[WORK INSTRUCTION] Copy every entry exactly, but skip the pictures.

::: INFORMATION

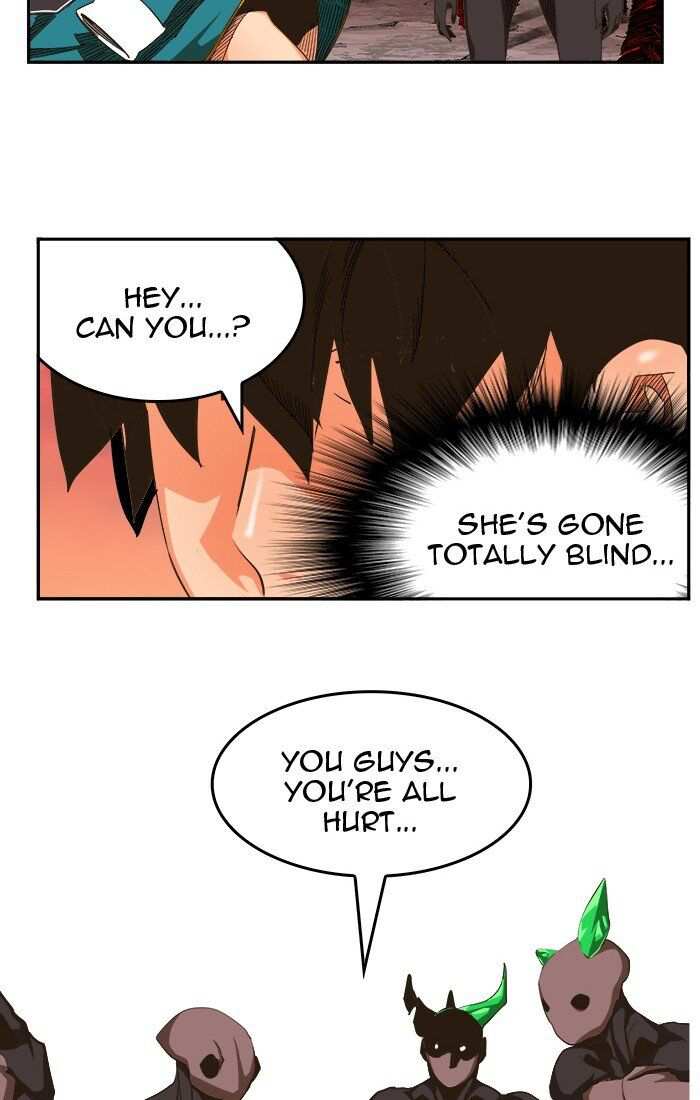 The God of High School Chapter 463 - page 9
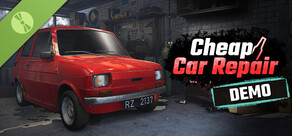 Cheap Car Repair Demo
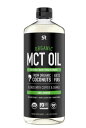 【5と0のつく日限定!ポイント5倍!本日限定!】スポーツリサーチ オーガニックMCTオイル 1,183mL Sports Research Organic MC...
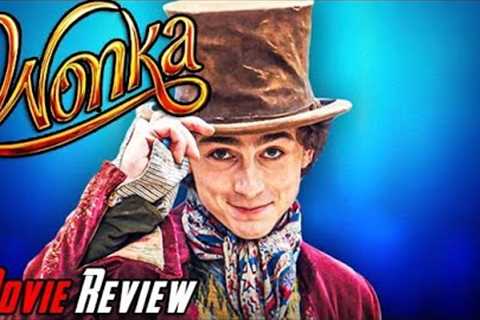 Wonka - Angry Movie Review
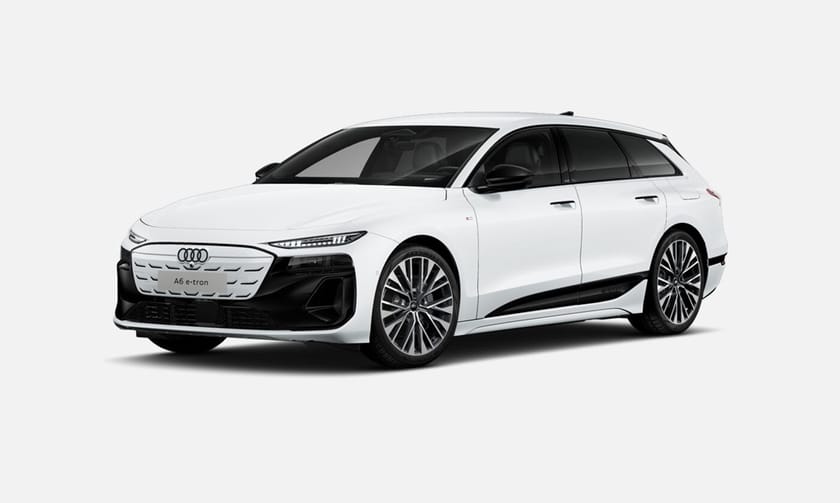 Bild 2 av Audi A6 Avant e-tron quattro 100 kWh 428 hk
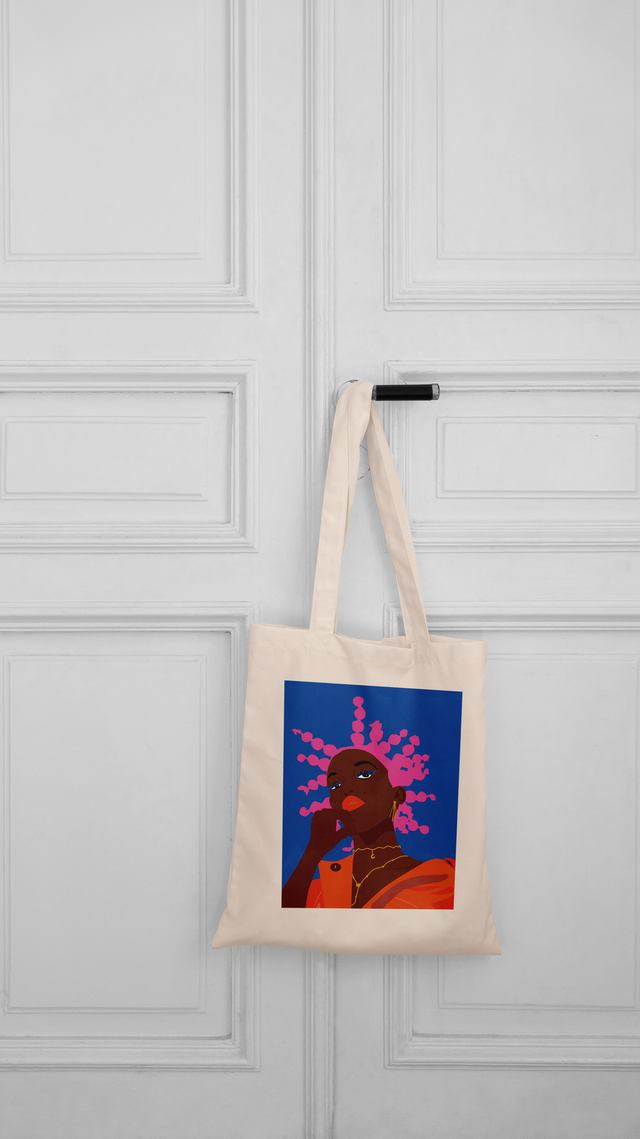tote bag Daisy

::::::

[RESPONSE AREA]
 The God of High School Chapter 463 - page 9
 Cheap Car Repair Demo
 【5と0のつく日限定!ポイント5倍!本日限定!】スポーツリサーチ オーガニックMCTオイル 1,183mL Sports Research Organic MC...
 Wonka - Angry Movie Review
 Bild 2 av Audi A6 Avant e-tron quattro 100 kWh 428 hk
tote bag Daisy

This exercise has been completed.